The move to bring in Quest, fresh from their investigation into Formula One that led to Flavio Briatore's resignation, had led to fury in the upper echelons of the Premier League as they were unaware that FIFA were looking into their transfer dealings.
FIFA have confirmed that they are investigating 15 transfer deals since January '08 as well as the original 15 transfer deals from 2004 to 2008 that the original Quest investigation was unable to clear.
The step to involve Quest is not unusual as they are the company charged by the FA to carry out a full audit on every transfer in the English leagues, both domestic and international.
Quest and its Directors have unparalleled experience in conducting investigations for corporate clients, regulators, major law firms, and financial institutions. The team conducts both overt and discreet investigations as required by the client who appear in this case to be a combination of the FA and FIFA.
It is believed that these new transfer deals involve international transfers between England and abroad.
The original Quest investigation was inconclusive, and claims that a "bung culture" was rife in England were left unfounded. However new investigations by Quest claim that the bung culture is indeed alive and well, as they claim to have uncovered as many suspect deals in the last 18 months as the FA had produced in the four year period between 2004 and 2008.
Quest have come to the fore in recent times for their investigation into the Renault "Crashgate" probe for the F1 governing body, which culminated in the resignations of Flavio Briatore and Pat Symonds from Renault.
The FA usually refer suspect transfer deals to FIFA whilst informing the EPL, however Richard Scudamore and other senior officials from the EPL governing body have been caught on the hop as the FA chose not to inform them this time.
This has sparked a war of words between the two main bodies in England.
An FA spokesman said: "We have referred 15 cases to FIFA since January 2008." He declined to elaborate on which transfers were involved.

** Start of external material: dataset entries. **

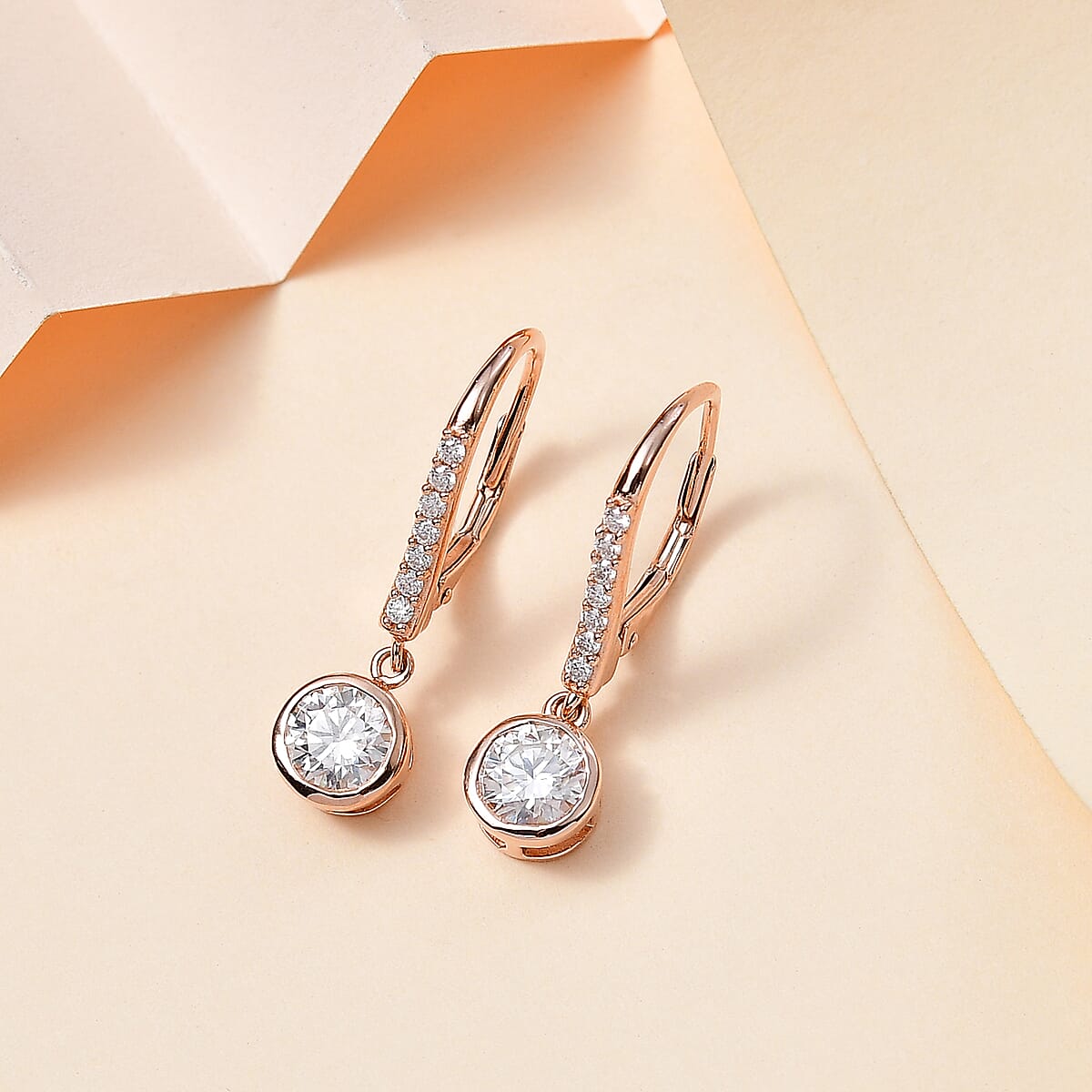 Moissanite Lever Back Earrings in Vermeil Rose Gold Over Sterling Silver 1.90 ctw image number 1
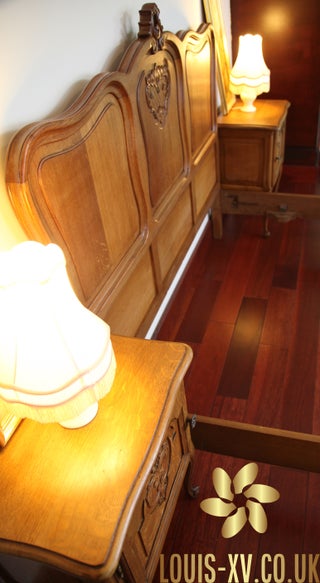 Louis XV Bed Carved Oak &amp; A pair of Nightstands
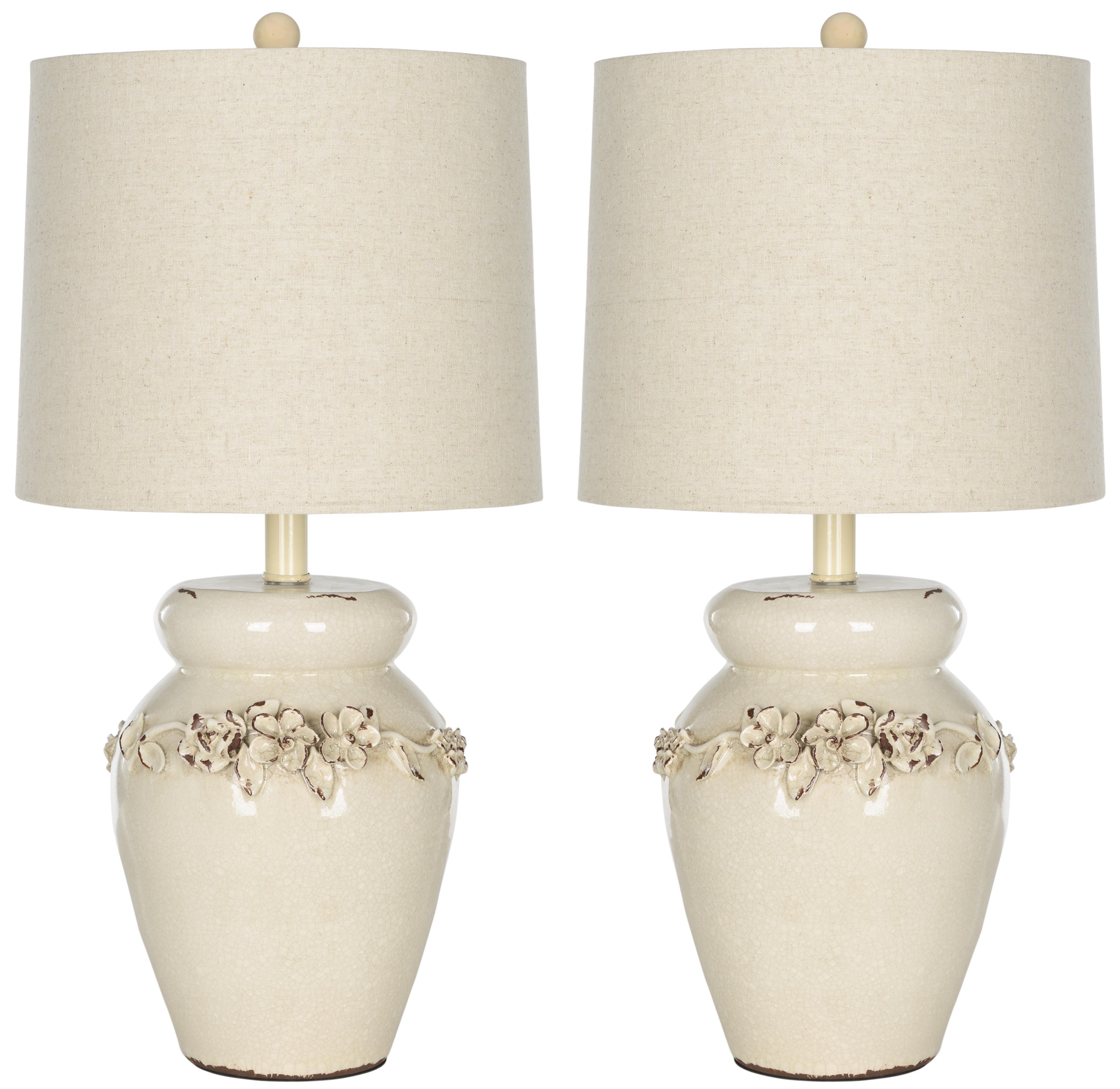 Tuscan Inspired Cream Ceramic Vase Table Lamp Set with Linen Shade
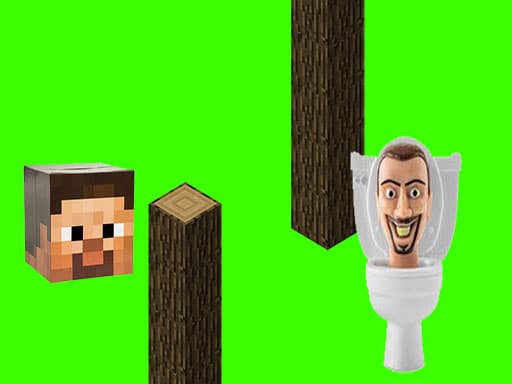 Spinning Skibidi Toilet Flappy Minecraft game screenshot - arcade - Free online game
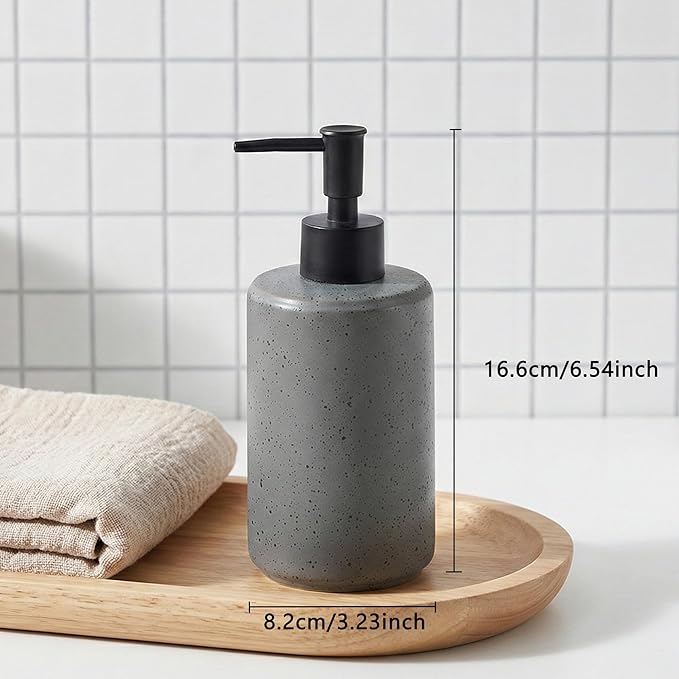 Bathroom Hand Soap Dispenser Set, 14oz Speckled Dish Soap Dispenser for Kitchen, Ceramic Liquid Soap Pump Bottle for Shampoo, Lotion, Conditioner, Modern Farmhouse Bathroom Decor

The EPL have so far refused to comment while FIFA had this to say on the matter:
"All cases have an element of internationality and fall outside of the FA's jurisdiction. When FIFA have concluded their investigations into the Quest cases, the first party to be informed will be the FA.
"FIFA are also reviewing a number of more recent cases forwarded to us by the FA.
"In accordance with the 2008 Players' Agents Regulations, these cases fall under the FIFA disciplinary committee."
The EPL has recently come under the spotlight of UEFA and FIFA through the transfer of Gael Kakuta from RC Lens to Chelsea in 2007.
It was one of the transfers from Quest's original dossier, and the two year FIFA probe ended in Chelsea being banned from signing players for the next 16 months after they were found guilty of inducing the player to break his contract with the French club.
Chelsea have since vowed to fight this decision, and have been led to believe by the Court of Sports Arbitration that if they leave their appeal application until the very last moment they will be allowed to sign players in the next transfer window, but may then face the prospect of the 16 month ban starting next summer instead.
The spectre of fraud and dodgy dealings have hung over the EPL for the last five years, and it would seem that the same clud will hang for some time while FIFA carry out their own probe, which could last for up to four years.
The reputation of the EPL has been sullied somewhat by these new findings, and Richard Scudamore will have much to do if it is to be repaired anytime soon.